### The problem:
Leave out the pictures and output the data verbatim.

### Source information:
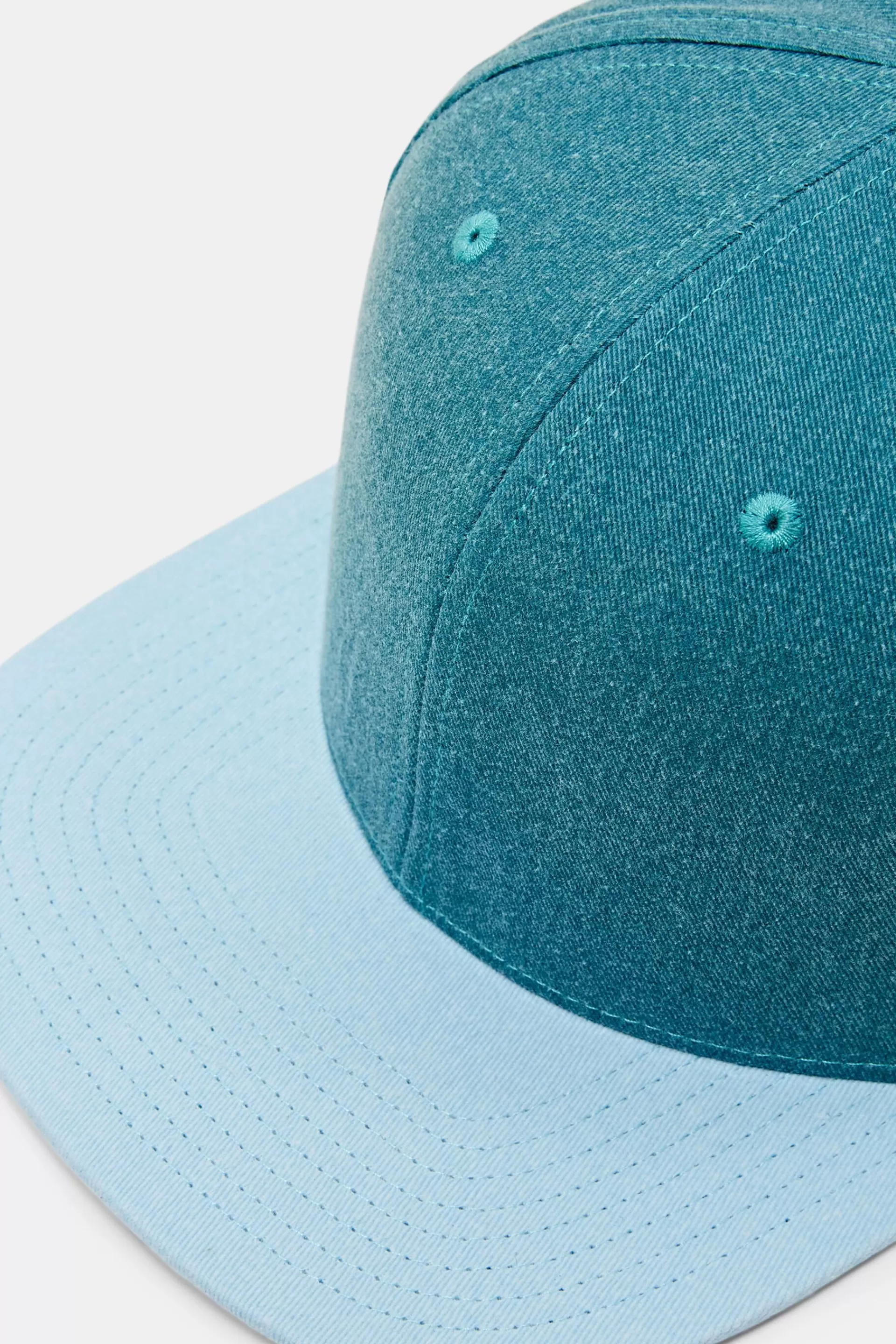 Schiebermütze mit Krempe aus Baumwolle-ESPRIT Store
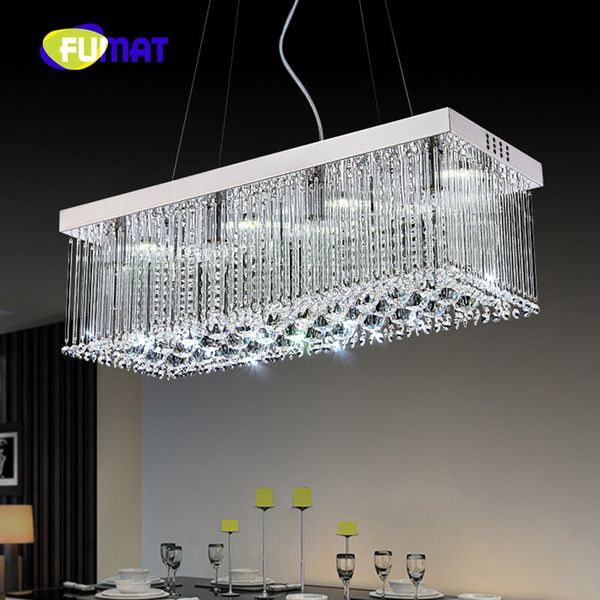 Modern Led Chandeliers Light Rectangular K9 Crystal Chandelier Lamp For Living Room Dining Lighting Ac90 260v Schoolhouse Pendant Unique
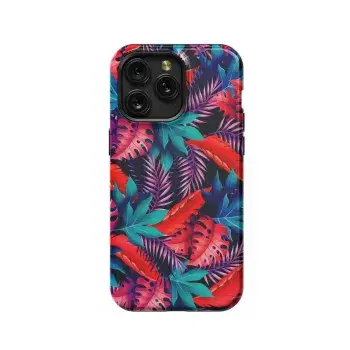 Tropical Floral Leaf Phone Case iPhone Samsung Pixel & More #335 - Image 1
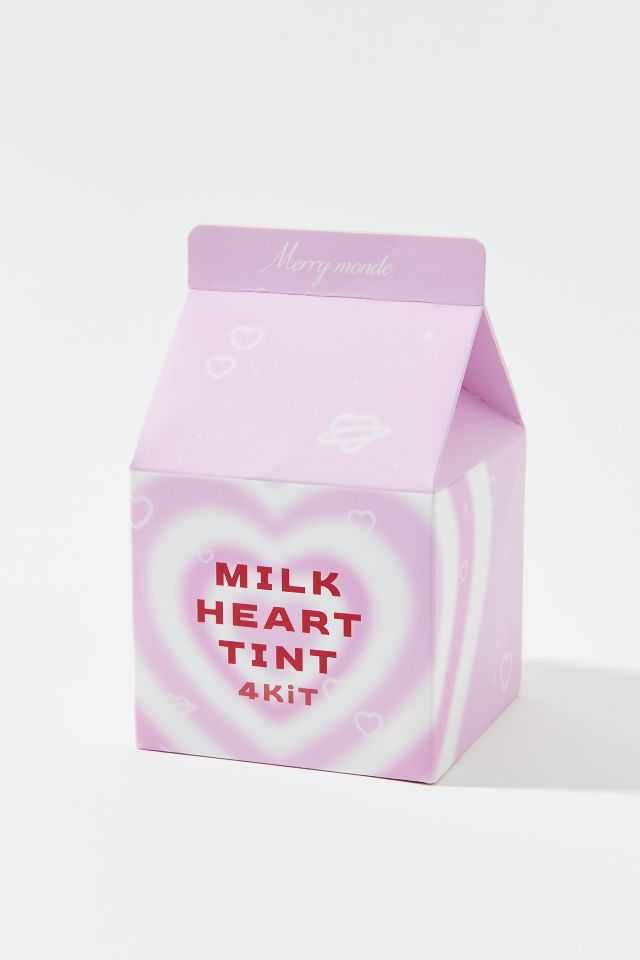 Merrymonde Milk Heart Lip & Cheek Tint Set #1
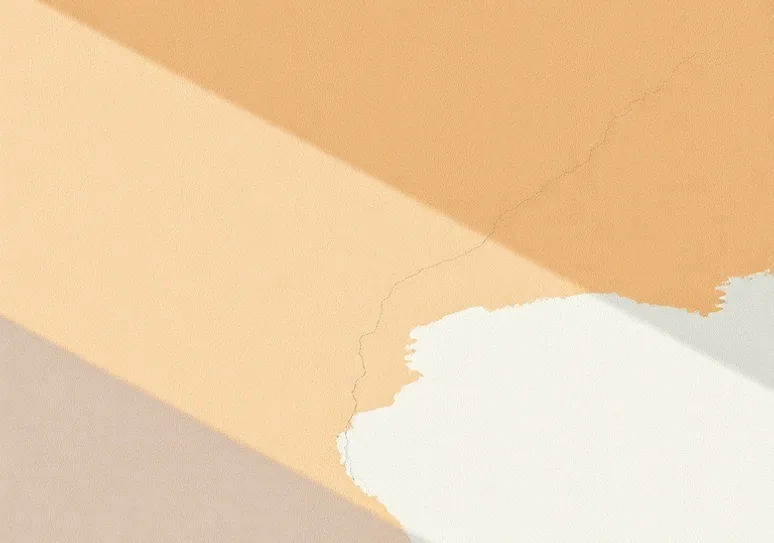 Ponçage et rebouchage des fissures avant mise en peinture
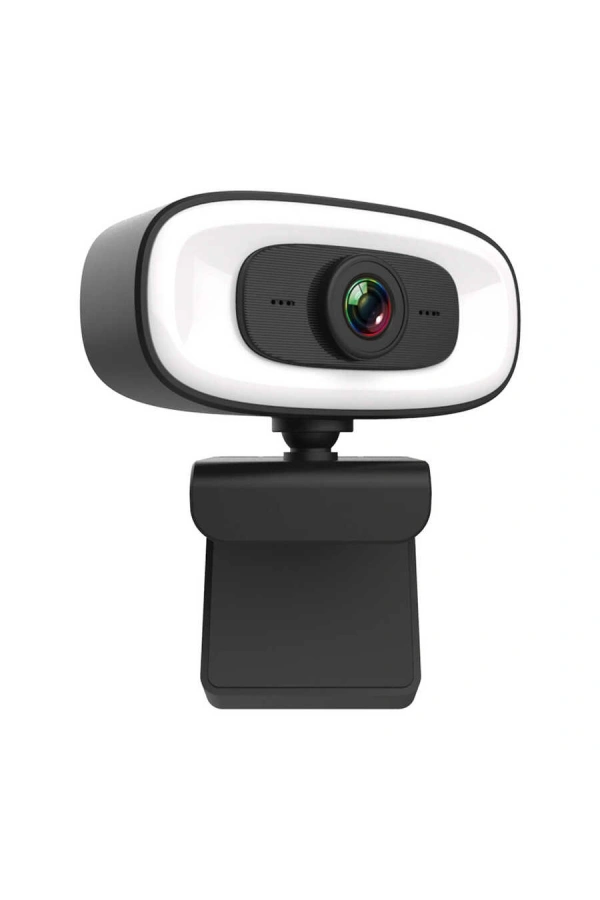 Zore PC-10 2K HD Görüntü Kaliteli Mikrofonlu Işıklı Tak Çalıştır Webcam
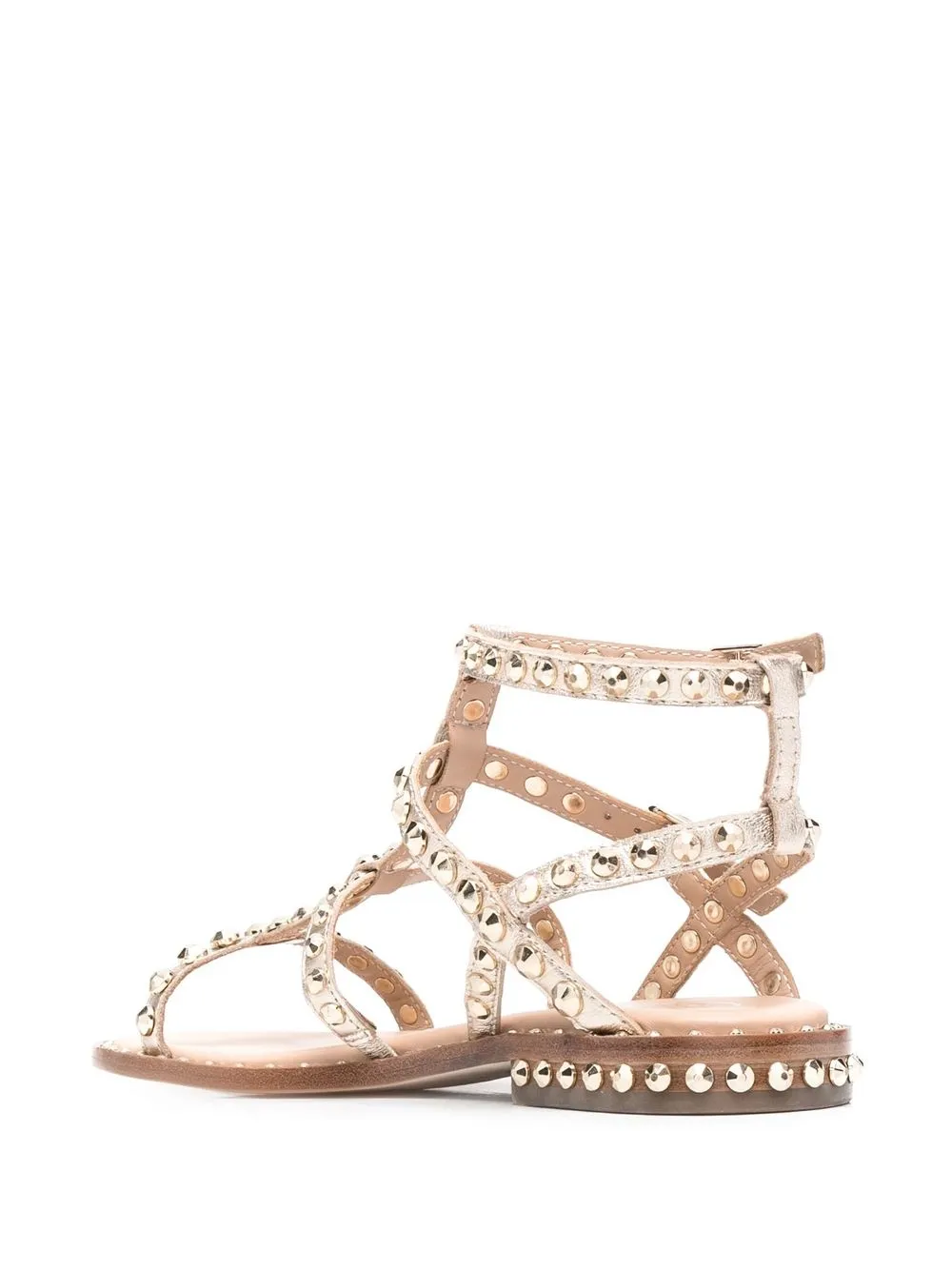 Ash Sandalen met dubbele gesp Metallic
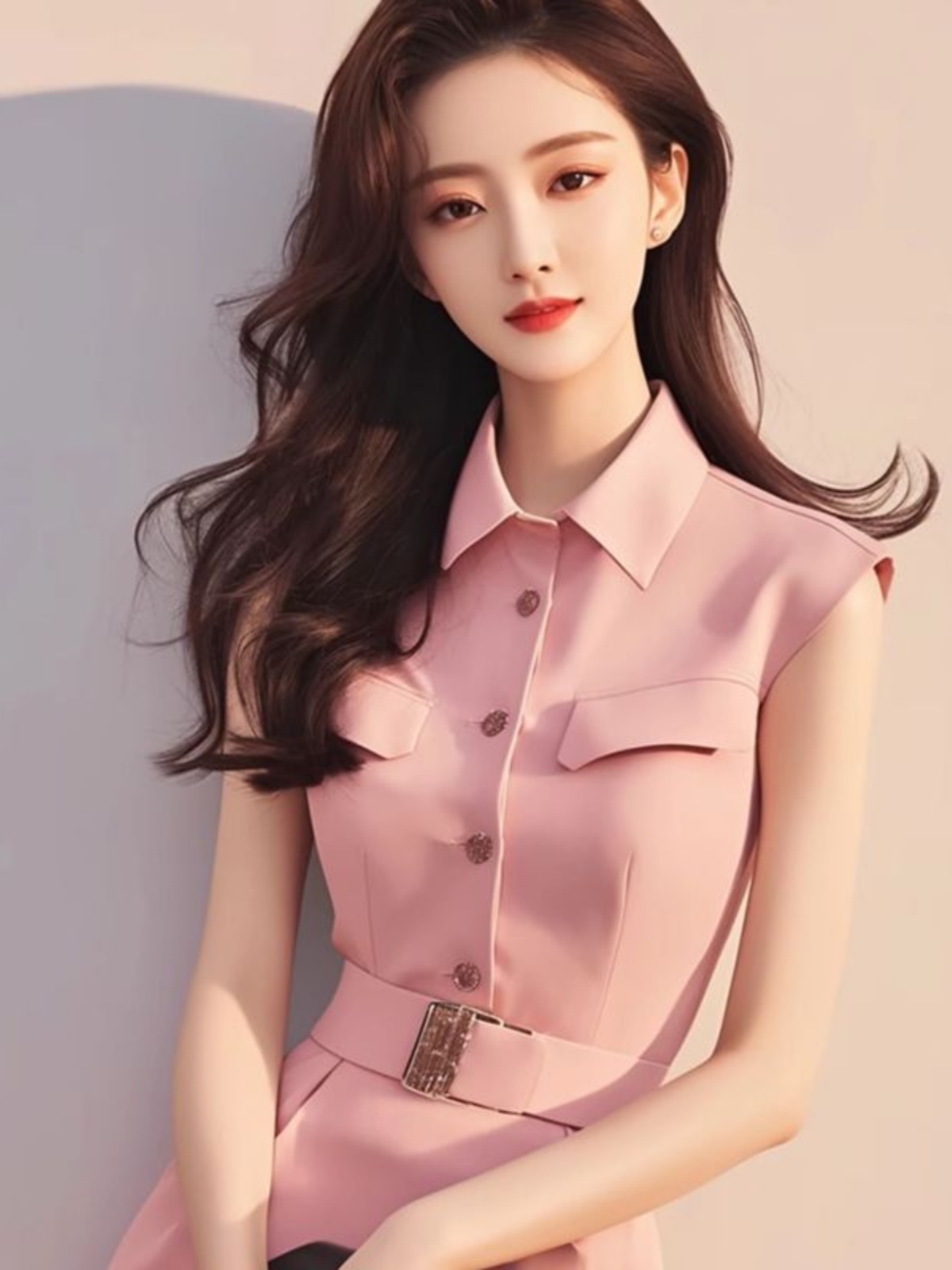 Gaun Panjang Pink Elegan Gaya  - Summer Line Clothing Brand ulasan dan harga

### Written solution:
 Schiebermütze mit Krempe aus Baumwolle-ESPRIT Store
 Modern Led Chandeliers Light Rectangular K9 Crystal Chandelier Lamp For Living Room Dining Lighting Ac90 260v Schoolhouse Pendant Unique
 Tropical Floral Leaf Phone Case iPhone Samsung Pixel & More #335 - Image 1
 Merrymonde Milk Heart Lip & Cheek Tint Set #1
 Ponçage et rebouchage des fissures avant mise en peinture
 Zore PC-10 2K HD Görüntü Kaliteli Mikrofonlu Işıklı Tak Çalıştır Webcam
 Ash Sandalen met dubbele gesp Metallic
 Gaun Panjang Pink Elegan Gaya  - Summer Line Clothing Brand ulasan dan harga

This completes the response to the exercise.